Imagine writing down the number and then dividing by two several times (writing down only the last five digits). We don't know what the digits are yet, so we use dots:

..... <- n
..... <- n/2
..... <- n/4
.....
.....


These numbers are all powers of two, so they're all even, so each must end with an even digit. So n must end with 6. But n/2 cannot end with 3, so the 10's digit of n must be odd (namely 3):

...36
....8
.....
.....
.....


Then n/4 can end with 4 but not with 9, so the 10's digit of n/2 must be even, so we'll use 'e' in that place:

...36
...e8
....4
.....
.....


So the 100's digit of n must be odd (3 in fact). So the 10's digit of n/2 is 6. We continue in this vein and arrive at:

66336
.3168
..584
...92
....6

• There seems to be some steps/explanation of reasoning missing from this answer. I can follow where the 1's column digits come from, but it isn't obvious from your steps where you are getting the them, and therefore why any given 10's digit must be odd or even. Personally I've failed to make the leap from 'e must be even' to 'the 100's digit of n must be odd'. What information am I missing that makes this obvious? Jan 8, 2014 at 17:34
• @Mr.Mindor: Let's call the 10^k digit of the jth row [j,k]. Given [j,k], there are two choices for [j+1,k], one odd and one even. The choice will determine whether [j,k+1] is odd or even. The 10's digit of n ([1,1]) is 3, so the 10's digit of n/2 ([2,1]) must be 1 or 6. If the 100's digit of n ([1,2]) is even then [2,1] is less than [1,1], namely 1; if [1,2] is odd then [2,1] is more than [1,1], namely 6. We already know it must be even, so it's 6, and [1,2] is odd (which is to say 3).
– Beta
Jan 8, 2014 at 18:24
• I see now. It wasn't clicking that this held true generally for all digits [j,k] (when dividing by 2). IMO it wouldn't hurt to add this reasoning into the answer itself somewhere before you start pulling specific numbers out. (maybe a chart of the possible values of [j+1,k] for values of [j,k] at the end) Jan 8, 2014 at 20:46
• Also the relationship between [j+1,k] and [j,k+1] presented in a way that the value you have ([j+1,k]) leads to the odd/even attribute of the value you don't have ([j,k+1]) would be clearer in this case: The choice will determine whether [j,k+1] is odd or even, if the greater of the two options is selected, [j,k+1] will be odd, otherwise [j, k+1] will be even. The [j+1,k] is less than / more than [j,k] doesn't hold when [j,k] is 0 or 9. Jan 8, 2014 at 20:55
• Once fully understood, I like this answer the most, it breaks the problem down into a plain logic puzzle. For others like myself for whom the possible values for [j+1,k] do not immediately jump to mind: 0:[0|5], 1:[0|5], 2:[1|6], 3:[1|6], 4&5:[2|7], 6&7:[3|8], 8&9: [4|9] Jan 8, 2014 at 22:33

See rogerl's answer to see why you need 32.

Here is a detailed answer. 1) last digit has to be a 6 (duh!)
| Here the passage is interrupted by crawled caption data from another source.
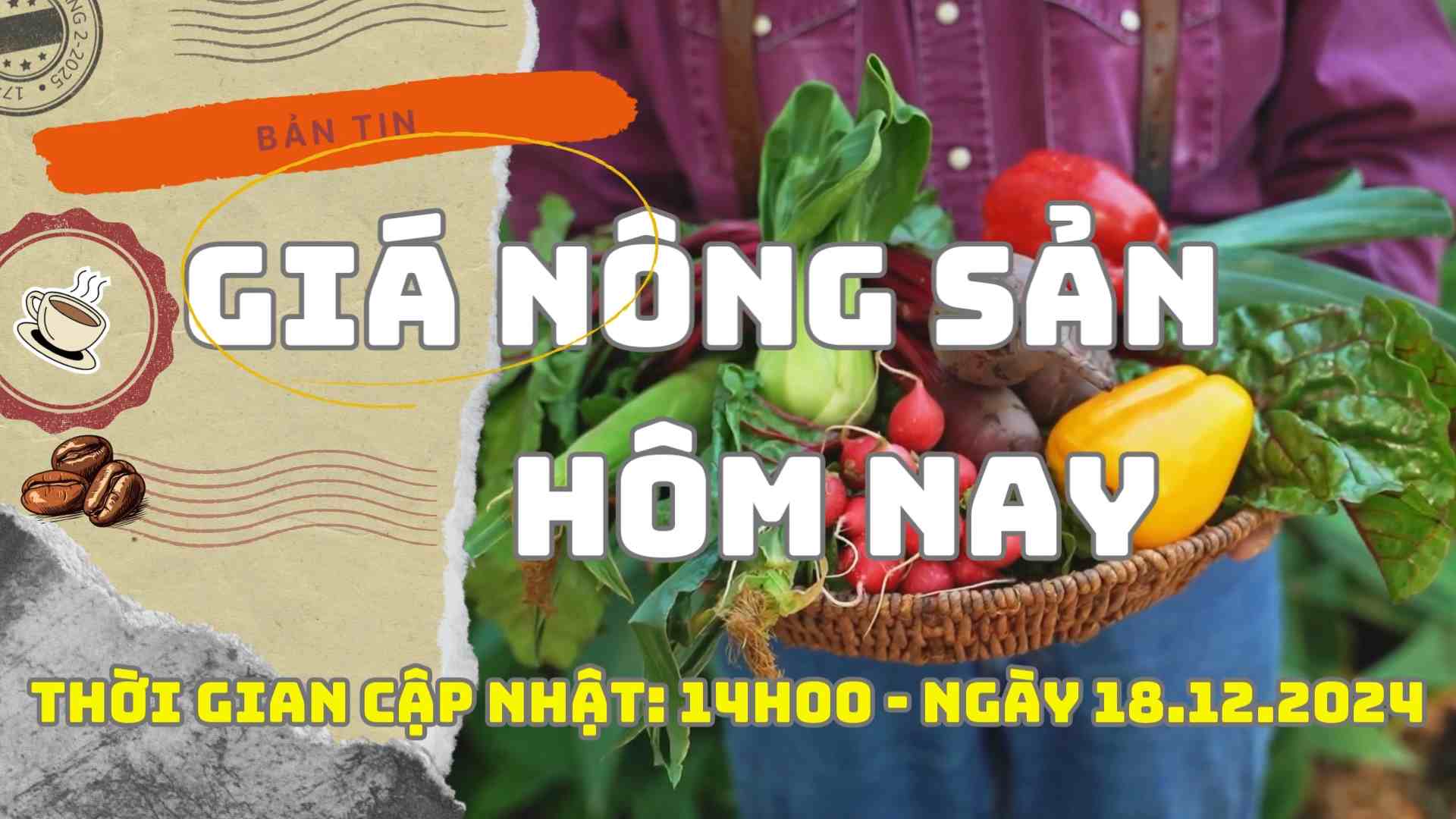 Agricultural product prices today, December 18, 2024. Photo: Bao Lam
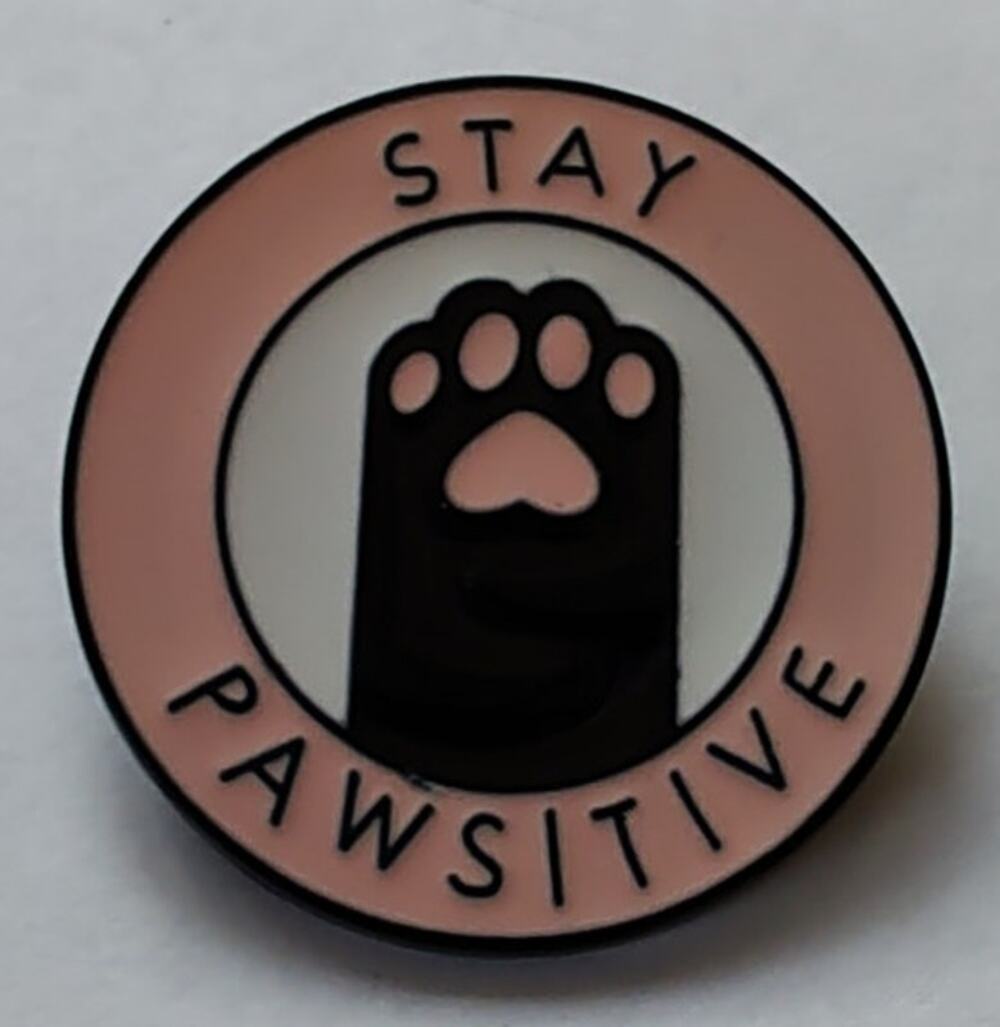 Cute Cats Paw & Quote Stay Pawsitive Pin Kitty Lapel Hat Brooch
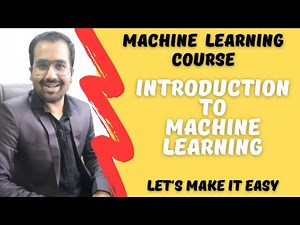 Introduction to Machine Learning Explained in English l Machine Learning Course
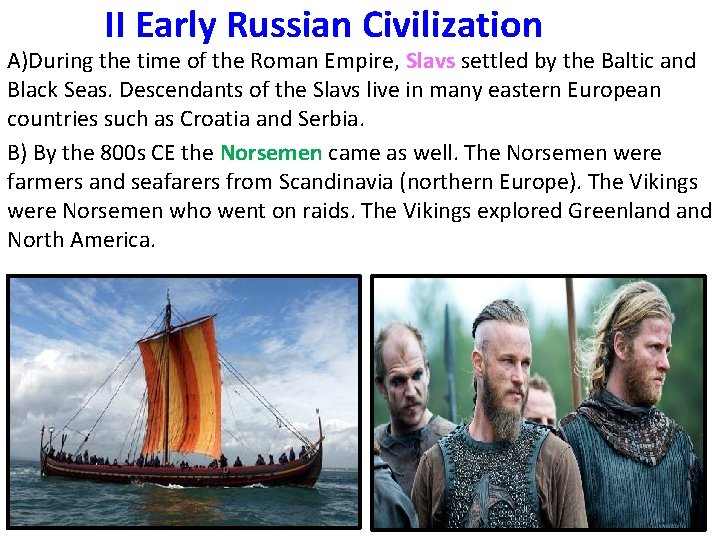 II Early Russian Civilization A)During the time of the Roman Empire, Slavs settled by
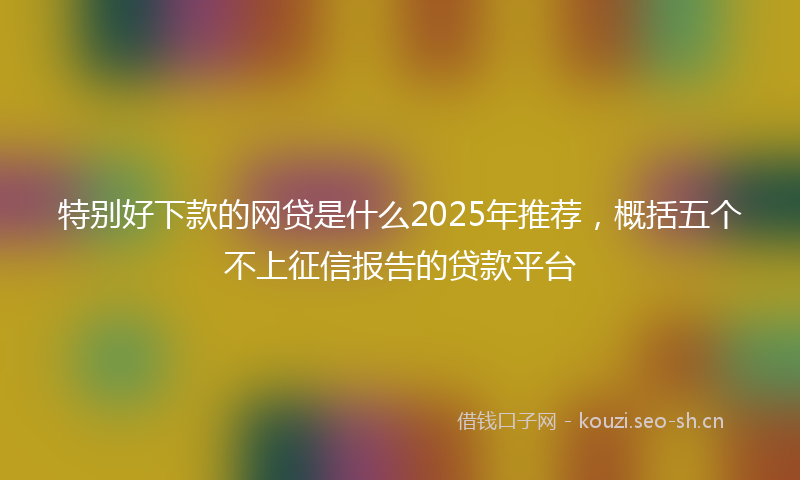 特别好下款的网贷是什么2025年推荐，概括五个不上征信报告的贷款平台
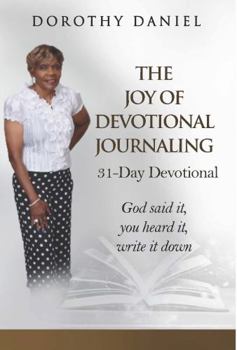 Paperback The Joy of Devotional Journaling 31- Day Devotional: God Said It, You Heard It, Write It Down Book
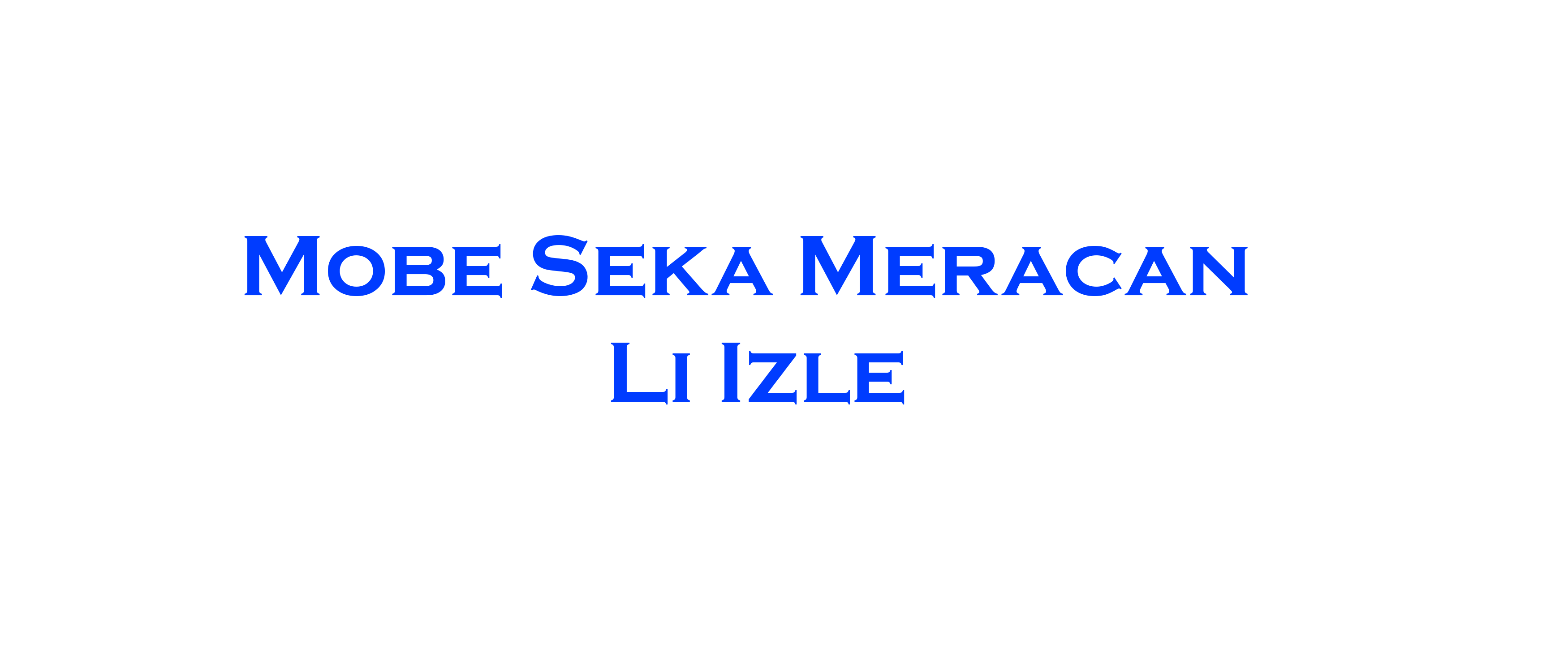 Mobe Seka Meracan Li Izle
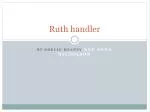Ruth handler - slide 1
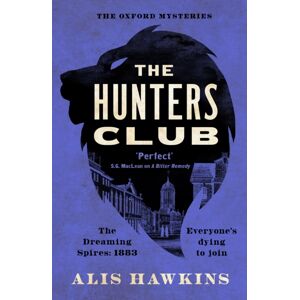 Canelo The Hunters Club : The Utterly Compelling Victorian Crime Thriller Of The Year Canelo The Hunters Club : The Utterly Compelling Victorian Crime Thriller Of The Year
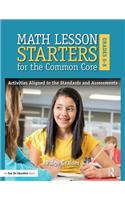 Math Lesson Starters for the Common Core, Grades 6-8: Activities Aligned to the Standards and Assessments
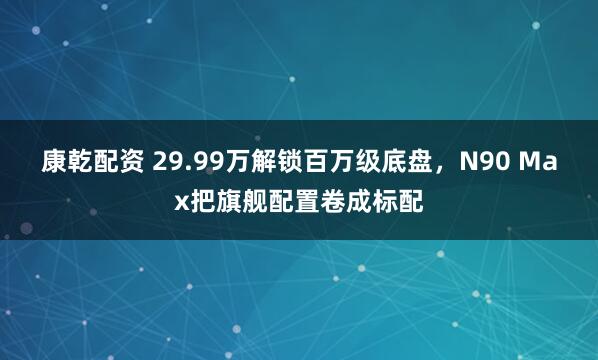 康乾配资 29.99万解锁百万级底盘，N90 Max把旗舰配置卷成标配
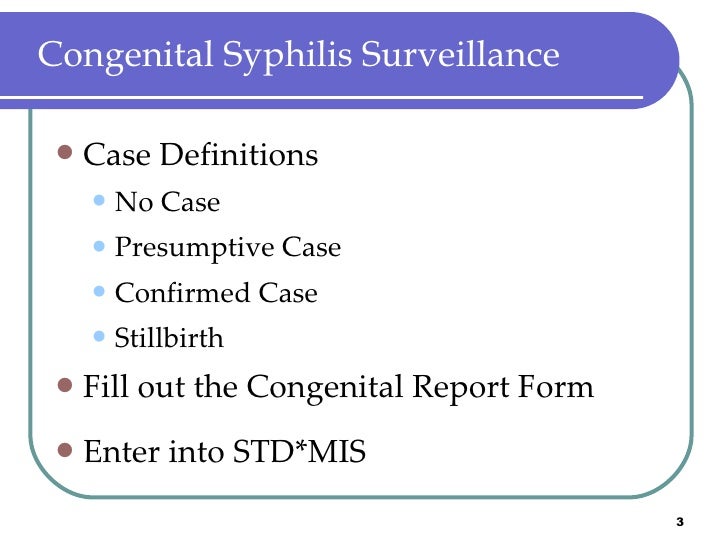 Congenital Syphilis Epidemiology, Impact and Interventions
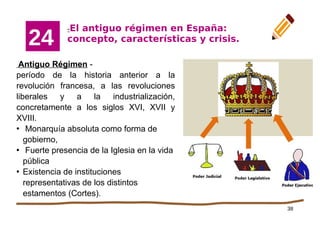 38
-El antiguo régimen en España:
concepto, características y crisis.
24
Antiguo Régimen -
período de la historia anterior a la
revolución francesa, a las revoluciones
liberales y a la industrialización,
concretamente a los siglos XVI, XVII y
XVIII.
●
Monarquía absoluta como forma de
gobierno,
●
Fuerte presencia de la Iglesia en la vida
pública
●
Existencia de instituciones
representativas de los distintos
estamentos (Cortes).
 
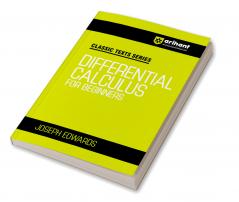 Classic Texts Series - Differential Calculus for Beginners | By JOSEPH EDWARDS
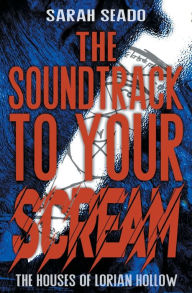 Textbook pdf free downloads The Soundtrack to Your Scream (English literature)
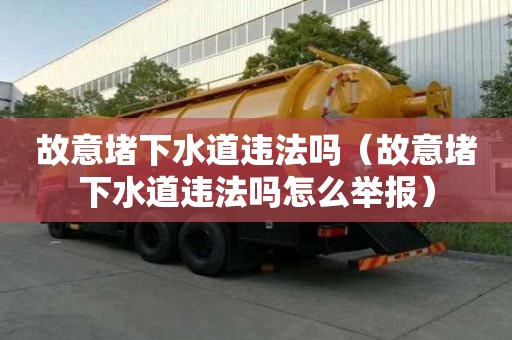 故意堵下水道違法嗎（故意堵下水道違法嗎怎么舉報）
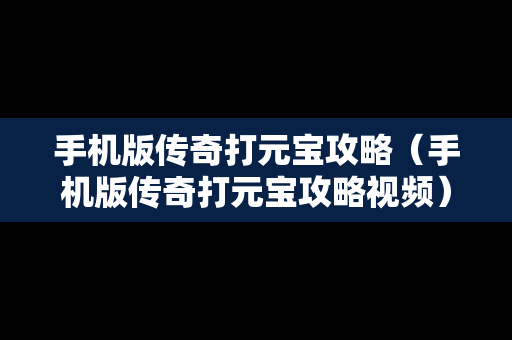 手机版传奇打元宝攻略（手机版传奇打元宝攻略视频）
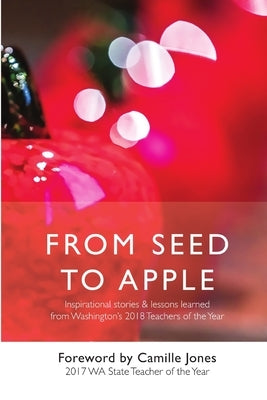 From Seed to Apple - 2018 by Superintendent of Public Instruction, Of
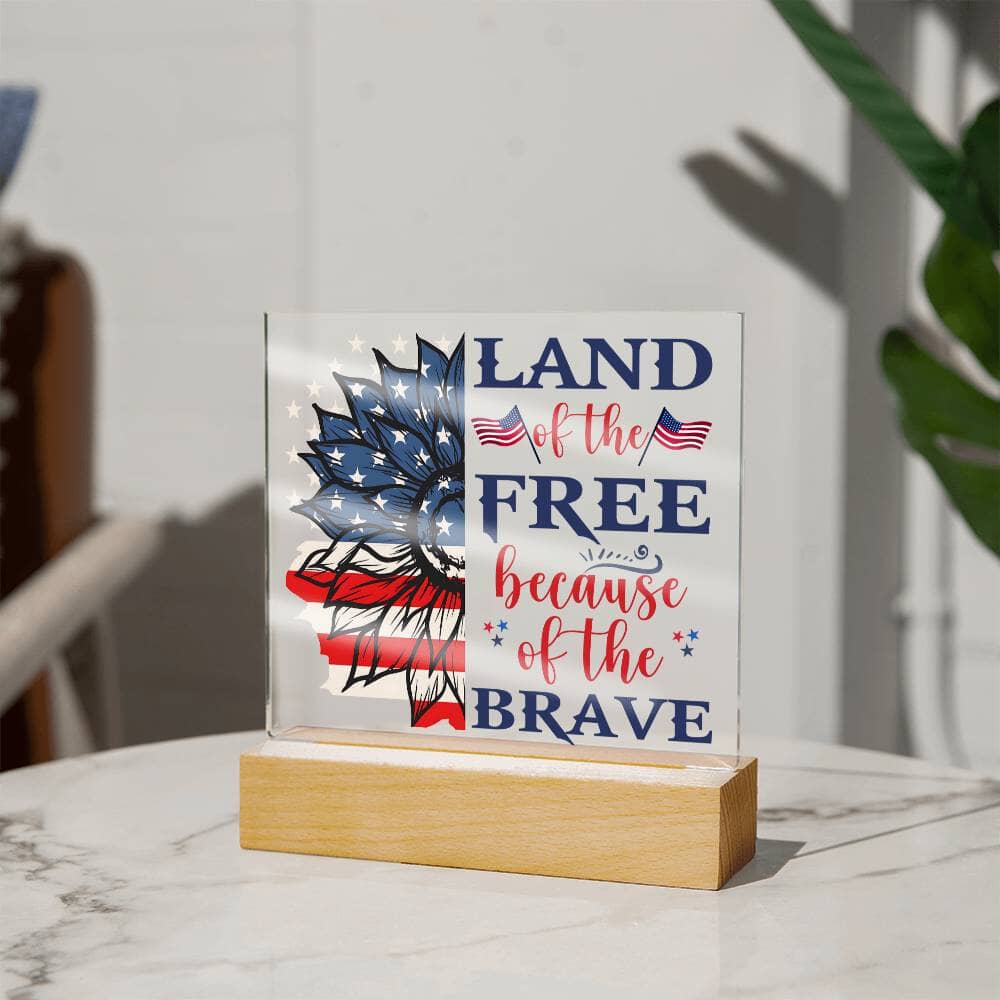 Patriotic Gift - Land Of The Free - Acrylic Square Plaque - Celeste Jewel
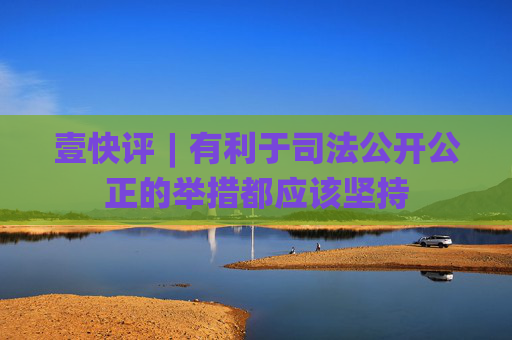 壹快评︱有利于司法公开公正的举措都应该坚持
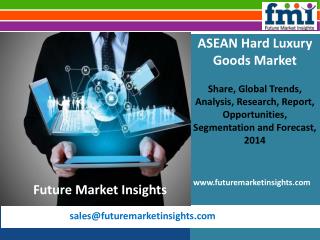 Hard Luxury Goods Market: ASEAN Industry Analysis Till 2020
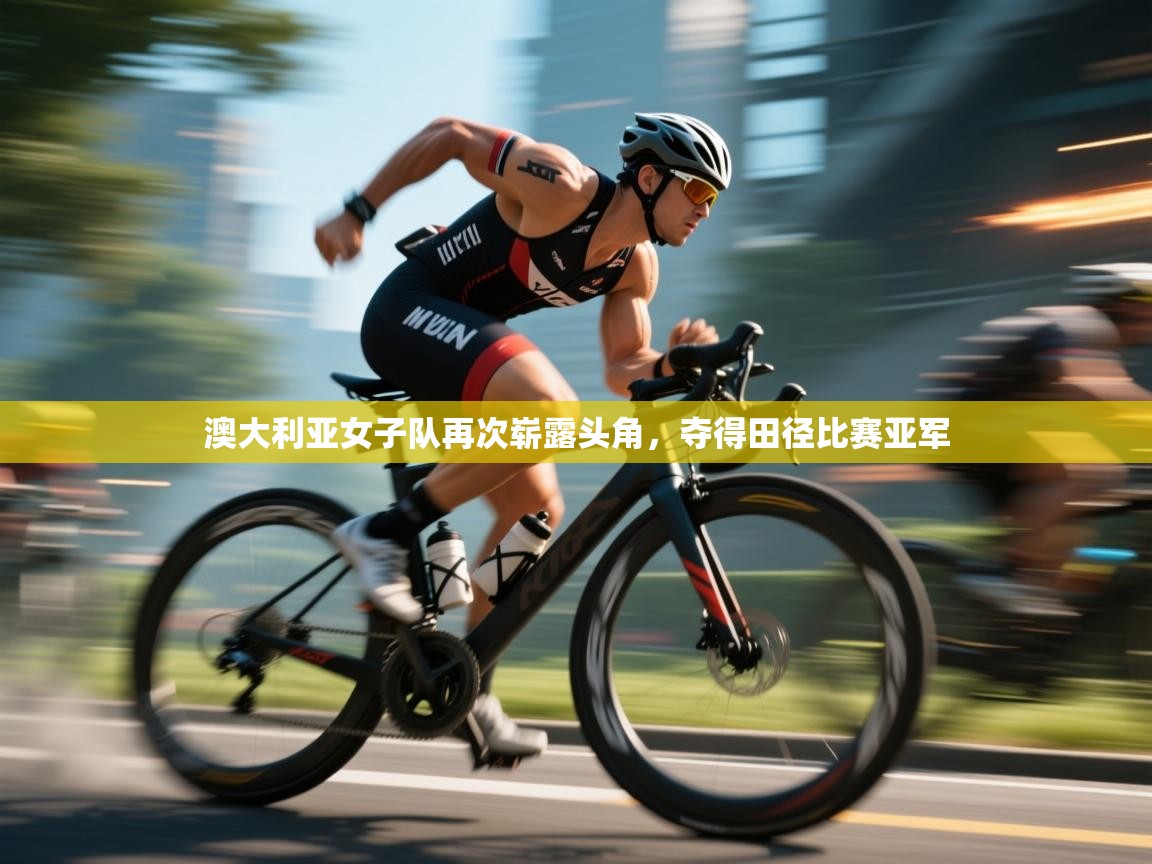 开云中国kaiyun·体育官方网站-澳大利亚女子队再次崭露头角，夺得田径比赛亚军  第1张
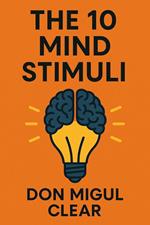 The 10 Mind Stimuli
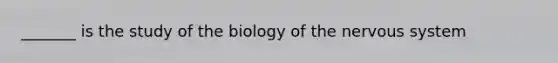 _______ is the study of the biology of the nervous system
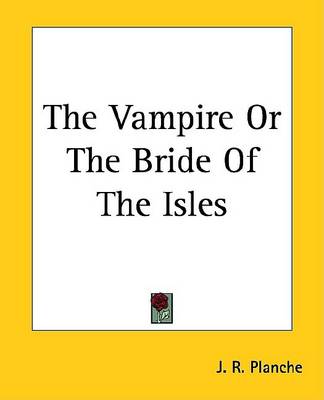 Book cover for The Vampire or the Bride of the Isles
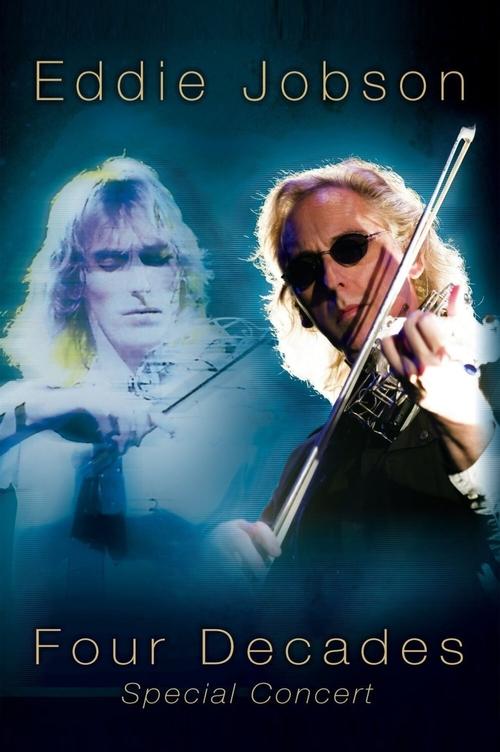 Eddie Jobson: Four Decades Special Concert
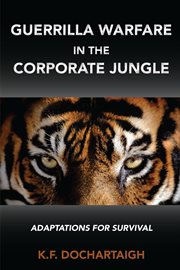 GUERRILLA WARFARE IN THE CORPORATE JUNGLE;ADAPTATIONS FOR SURVIVAL cover image cdn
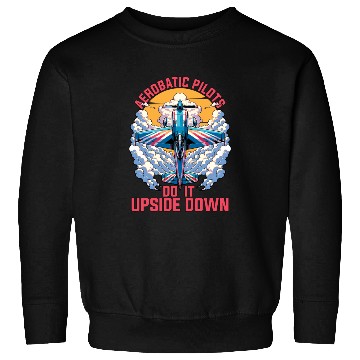 Discover Aerobatic Pilots Do It Upside Down Glider Pilot Sweatshirts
For last two digits we need either $$2^n \equiv 36 \mod 100 \\ 2^n \equiv 66 \mod 100$$ You know that if a number is divisible by 4 and ends in 6, the previous digit has to be odd. So the it has to be 36

Next, one of the following holds $$2^n \equiv 336 \mod 1000 \\ 2^n \equiv 636 \mod 1000$$ Since 8 divides 2^n, it has to divide 336 or 636. Clearly only 336 ends. So the last 3 digits of $2^n$ is 336.

next $X336$ should be divisible by 16. So $X = 6$ so the last four digits are 6336.

Finally $x6336$ should be divisible by 32. So $x=6$

Another easy way would be to work with binary representation.

The number in question is a power of 2 and all powers of a number n when represented in the same base n must have their most significant digit as 1 and all other digits as 0.

e.g. 2 in binary is 10, 4 is 100, 8 is 1000...., 1024 is 10,00,00,00,000 and so on. Your number will also look like this.

But, of course, this method is equivalent to sequentially checking divisibility by 2, 4, 8, 16 and 32.